St. Louis Cardinals designated hitter Albert Pujols has said 2022 will be his final MLB season. File Photo by Bill Greenblatt/UPI | License Photo
MIAMI, April 22 (UPI) -- St. Louis Cardinals players not only benefit from Albert Pujols' physical presence in the batting order, but they also rely on lessons the veteran slugger offers behind the scenes during his final MLB season.
"That's why I'm here," Pujols told UPI before the Cardinals faced the Miami Marlins on Thursday in Miami. "This is the future of the organization."
At 42, Pujols is the oldest player in the game. He also is one of the most revered by peers.
But the future Hall of Famer made it known when he returned to his original franchise through an off-season signing that he welcomes anyone who requests advice. He said that willingness to teach comes with the "responsibility of being a leader."
The man nicknamed "The Machine" magnetized onlookers from his clubhouse during his batting practice. Teammates frequently pulled Pujols aside, asking for tips and strategies.
"We engage him and ask him questions," shortstop Paul DeJong said. "He also speaks in hitters' meetings and says what he's thinking. He is very much an open book. We are really relying on him."
DeJong said one tip he learned from Pujols was how to hit to certain parts of the outfield against left-handed pitchers.
"Mentally, the way he scouts other pitchers and develops his plan is what has made him so good for so long," DeJong said. "Obviously, he is physically gifted, but his mental approach is where I'm trying to get."
Pujols spent his first 11 seasons with the Cardinals. He hit at least 32 home runs, drove in a minimum of 99 RBIs and hit at least .299 in each of those seasons, morphing into one of the all-time great pure hitters.
He went on to play parts of 10 seasons for the Los Angeles Angels and spent the second half of last year's season with the Los Angeles Dodgers.
He earned three MVPs, 10 All-Star selections, two World Series titles, a batting title and more accolades along the way. He also received guidance from veteran players throughout his journey, an inheritance of knowledge he passes on.

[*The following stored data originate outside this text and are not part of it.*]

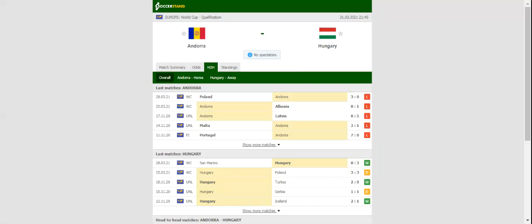This match will be played on 31-03-2021 at 21-45. Prediction 1-2.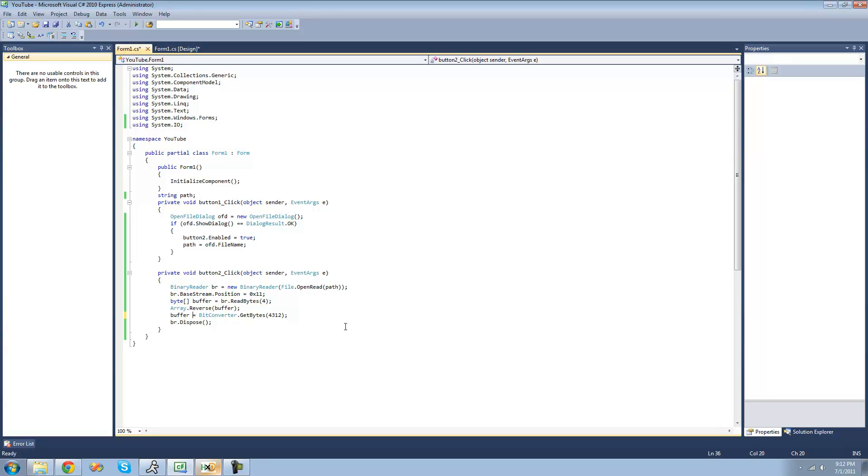So that's pretty much all there is to reading integers using the BinaryReader class. So, see you guys.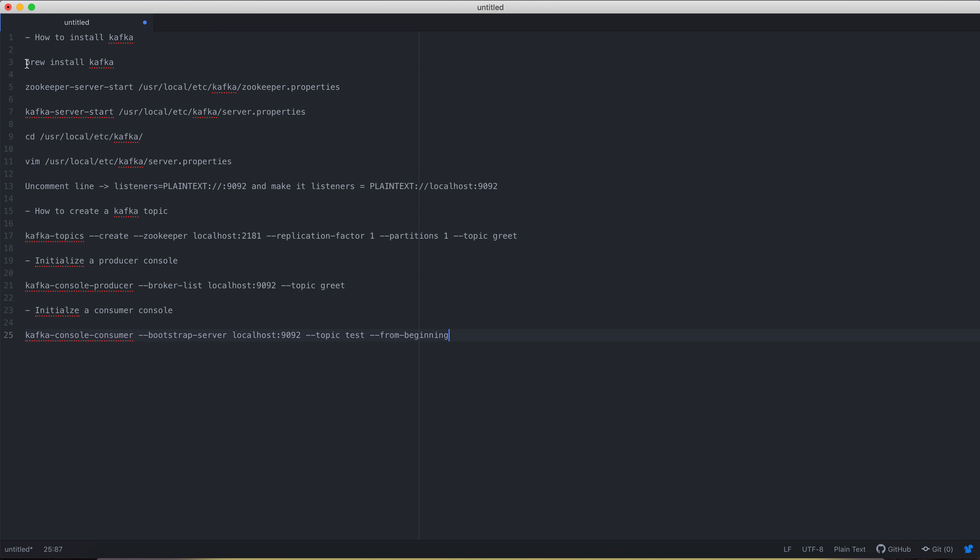Hello everyone, welcome to the next video tutorial on installing Kafka on macOS or MacBook. What I'm going to do here is install Kafka using Homebrew, which is a pretty easy step whenever you want to install anything onto a MacBook. So let's get started.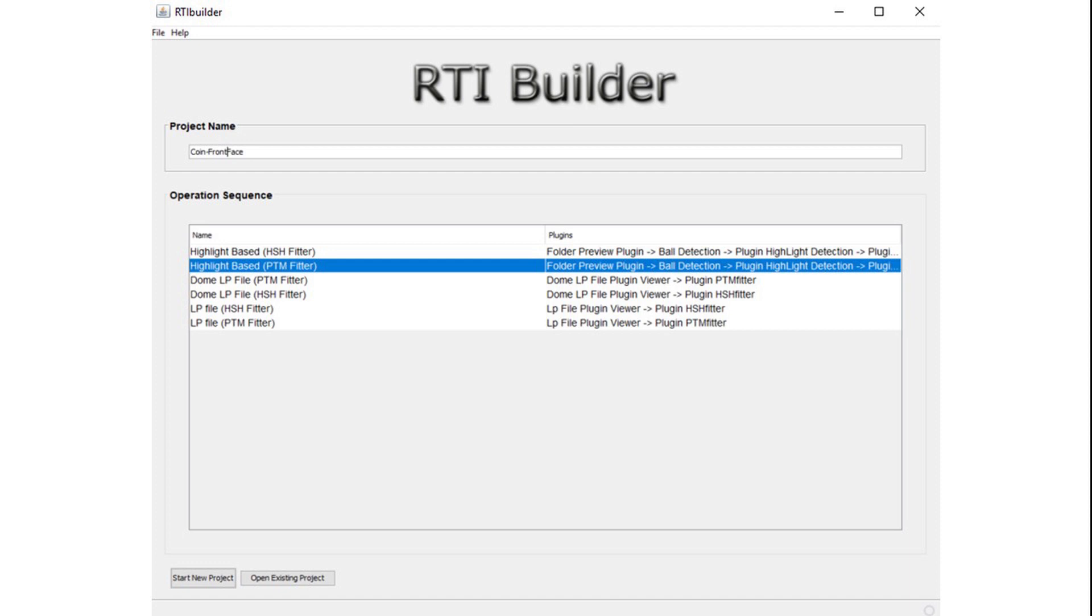Then you should select the fitter to be used for processing your images. You have two options for the highlight based: the hemispherical harmonics fitter and the polynomial texture maps fitter. I went through this earlier in the page. For now you should select the PTM fitter. Now you're ready to start a new project.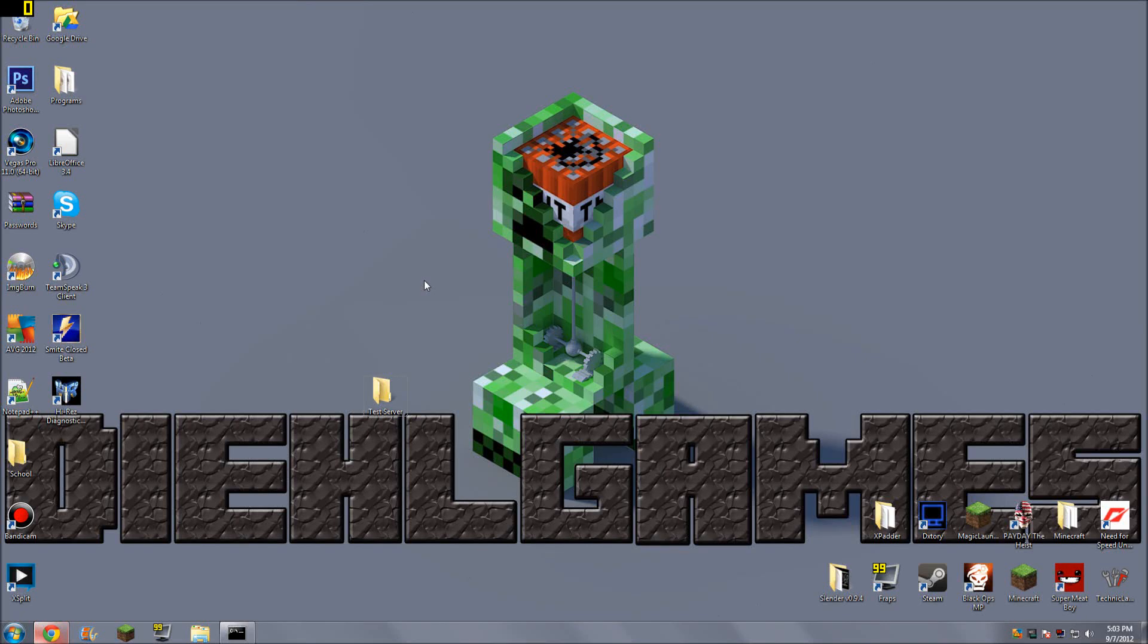Hey guys, Dio Games here, and we are back on my desktop as you can see. That's kind of obvious, but today I've got a tutorial on how to set up a simple Minecraft server for 1.3.2.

"We talk a lot of baseball and i just try to learn from him," Cardinals first baseman Paul Goldschmidt said. "He has done everything, seen everything, played for a lot of different teams, won multiple championships. For me, it's about any wisdom I can gain."
Star pitcher Adam Wainwright, who spent his first seven seasons as Pujols' teammate, said it took only one day for Pujols' presence make an impact this spring when he reported to the team.
He noticed outfielder Corey Dickerson was ready to leave the clubhouse and was changing into his street clothes. When Pujols went into the batting cage, Dickerson quickly put his baseball equipment back on and joined him for practice swings.
"He has had the most impact I've maybe seen of any one player in this amount of time," Wainwright said. "His ability to prepare, how to read pitchers, how to know what to expect. ... He is incredible at that.
"He spends so much time learning and studying hitters. ... When you listen to him talk about hitting, he is really kind of a genius."
Pujols hit .236 with 17 home runs in 109 games last season. He hit two home runs through his first five games in 2022. His final season is expected to include many celebrations, as he passes all-time greats in several categories. But the fanfare isn't why the Cardinals brought the slugger home.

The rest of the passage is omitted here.